▸ **TASK TO COMPLETE**: Output all entries exactly; images excluded.

▸ **SUPPLIED DATA**:
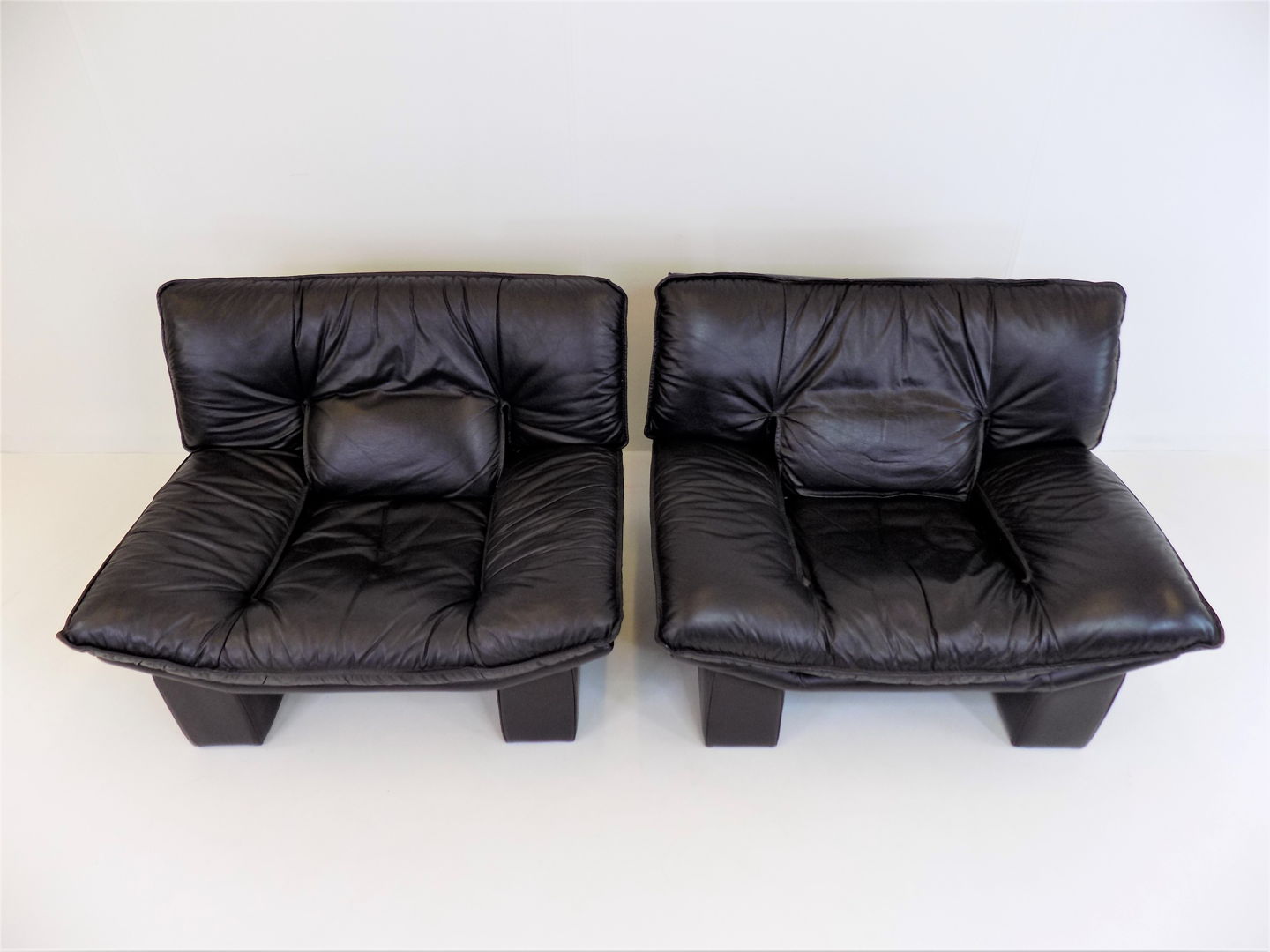 Set of 2 Nicoletti Salotti Ambassador leather armchairs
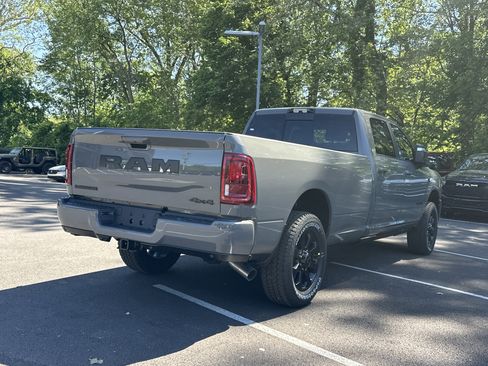 New 2026 RAM 2500 Laramie AWD/4WD image 18
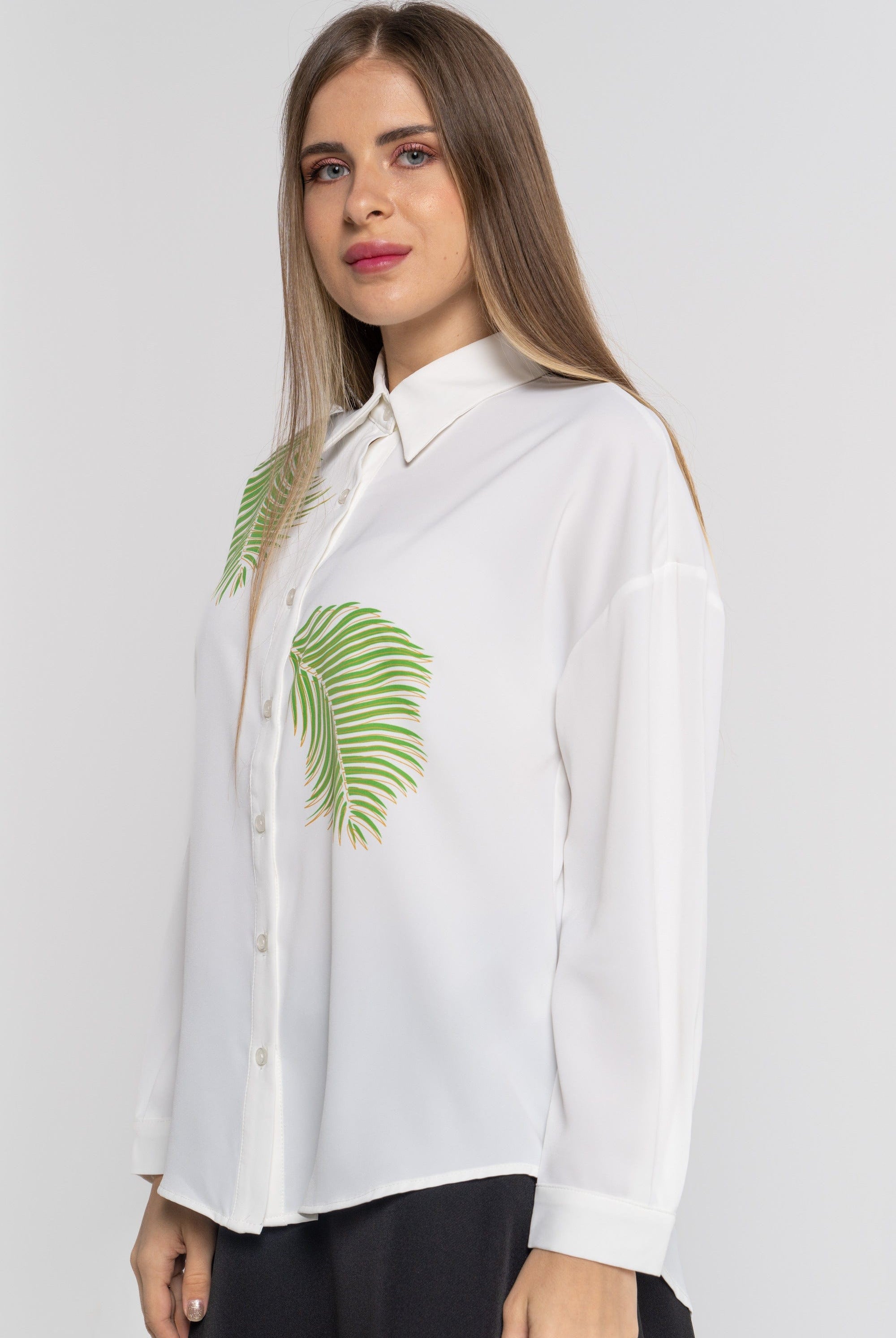 نتشي قميص نسائي مشجر بأكمام طويلة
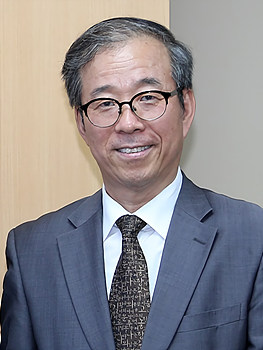 동국대학교 20대 총장에 선임된 윤재웅 교수.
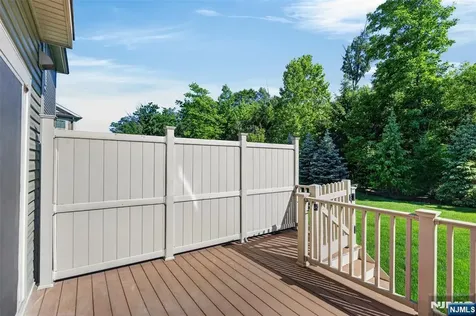 18 Winfield Drive Woodcliff Lake NJ 07677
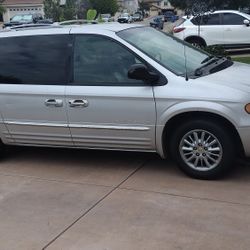 Chrysler Town And Country $3,000 Runs Great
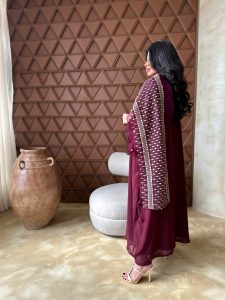 ⁦R08 - Maroon⁩ - الصورة ⁦4⁩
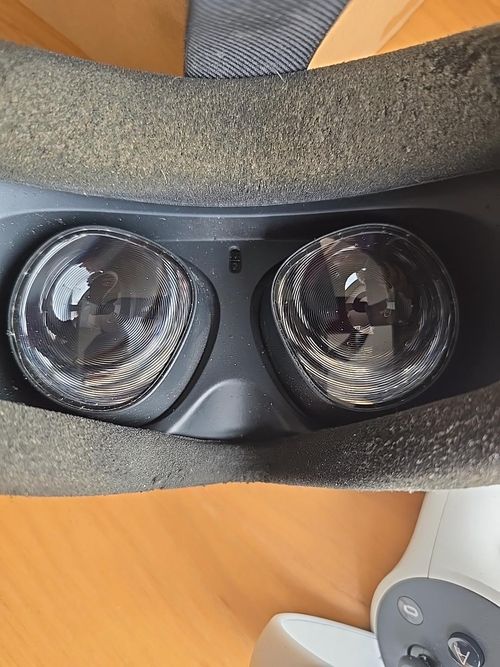 Meta Oculus Quest 2 256GB +Controllers+ Elite Strap With Battery + Official Case — image 4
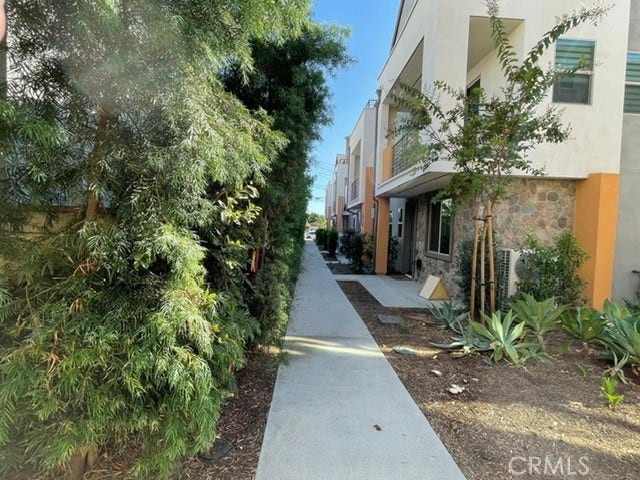 218 Scratch, Covina, CA 91722 218 Scratch, Covina, CA 91722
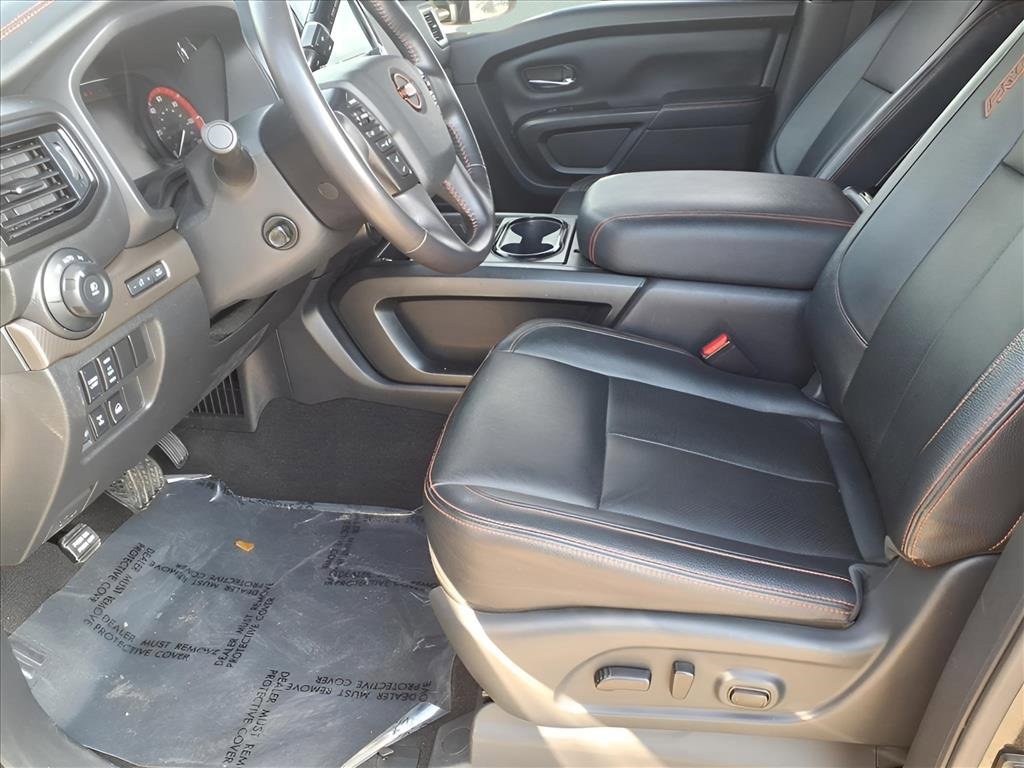 Used 2024 Nissan Titan PRO-4X w/ Pro-4x Convenience Package image 17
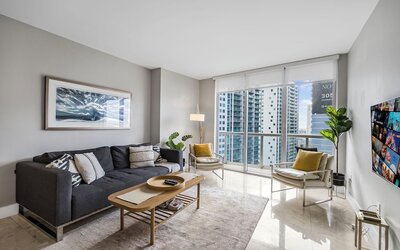 Amazing Condos at Icon Brickell With Pool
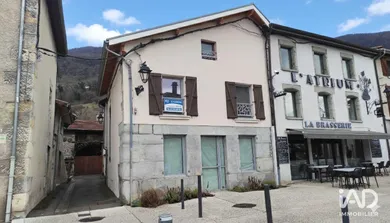 Boutique/Local commercial à FONTANIL-CORNILLON (38120)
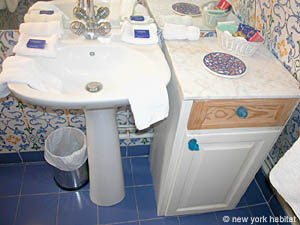 Paris T2 logements location appartements - salle d'eau 1 (PA-2949) photo 3 de 4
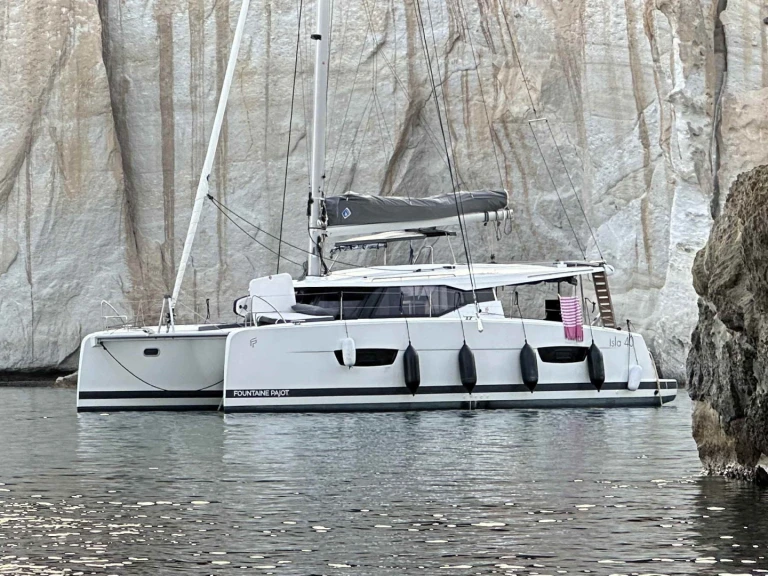Fountaine Pajot Isla 40 (5 cab.) między profesjonalistami a osobami prywatnymi w Paros (wyspa)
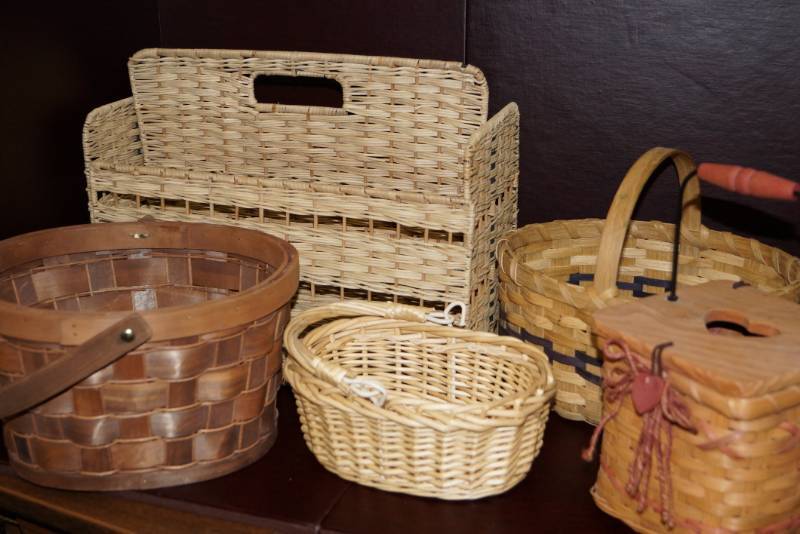 lot 558 image: 5 Baskets....Woven, Wicker, & More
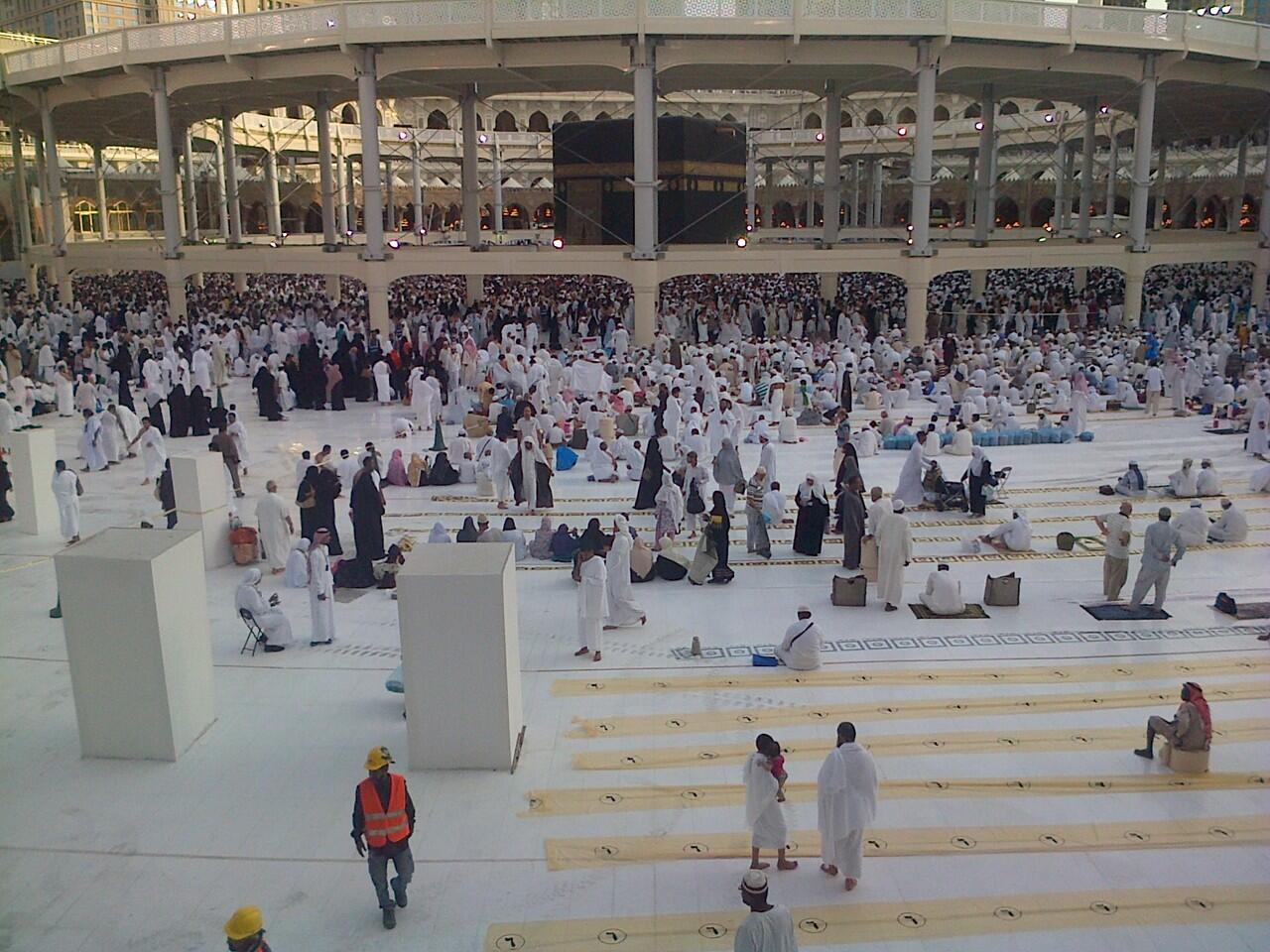ngabuburit di Masjid Al-harom makkah..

▸ **ANSWER FOR THE TASK**:
 Set of 2 Nicoletti Salotti Ambassador leather armchairs
 New 2026 RAM 2500 Laramie AWD/4WD image 18
 نتشي قميص نسائي مشجر بأكمام طويلة
 동국대학교 20대 총장에 선임된 윤재웅 교수.
 18 Winfield Drive Woodcliff Lake NJ 07677
 Chrysler Town And Country $3,000 Runs Great
 ⁦R08 - Maroon⁩ - الصورة ⁦4⁩
 Meta Oculus Quest 2 256GB +Controllers+ Elite Strap With Battery + Official Case — image 4
 218 Scratch, Covina, CA 91722 218 Scratch, Covina, CA 91722
 Used 2024 Nissan Titan PRO-4X w/ Pro-4x Convenience Package image 17
 Amazing Condos at Icon Brickell With Pool
 Boutique/Local commercial à FONTANIL-CORNILLON (38120)
 Paris T2 logements location appartements - salle d'eau 1 (PA-2949) photo 3 de 4
Fountaine Pajot Isla 40 (5 cab.) między profesjonalistami a osobami prywatnymi w Paros (wyspa)
 lot 558 image: 5 Baskets....Woven, Wicker, & More
ngabuburit di Masjid Al-harom makkah..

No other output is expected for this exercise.